* ASSIGNMENT
Could you restate the data below word for word, without its pictures?

* INFORMATION PROVIDED
####

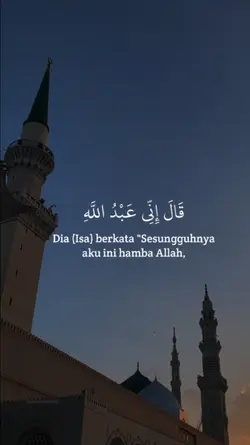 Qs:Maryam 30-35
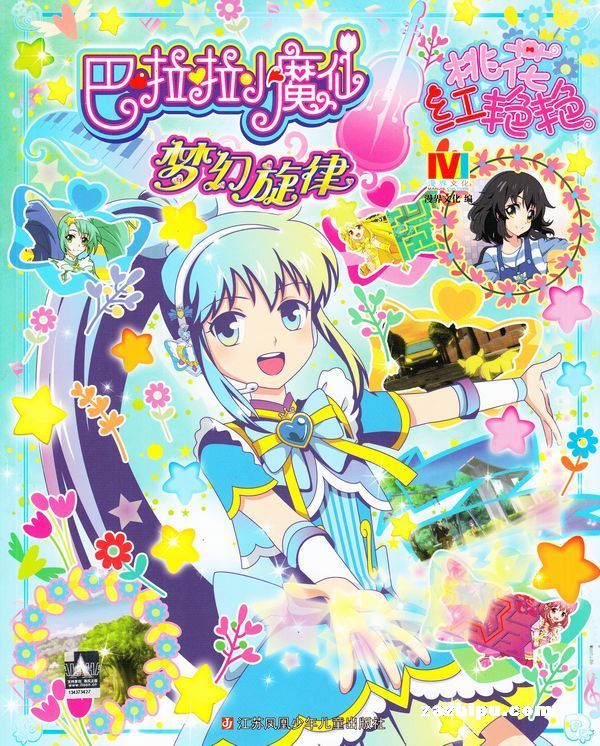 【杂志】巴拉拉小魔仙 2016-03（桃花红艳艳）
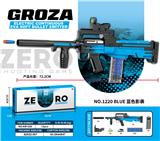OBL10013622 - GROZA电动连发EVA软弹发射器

####

* RESPONSE AREA
 Qs:Maryam 30-35
 【杂志】巴拉拉小魔仙 2016-03（桃花红艳艳）
OBL10013622 - GROZA电动连发EVA软弹发射器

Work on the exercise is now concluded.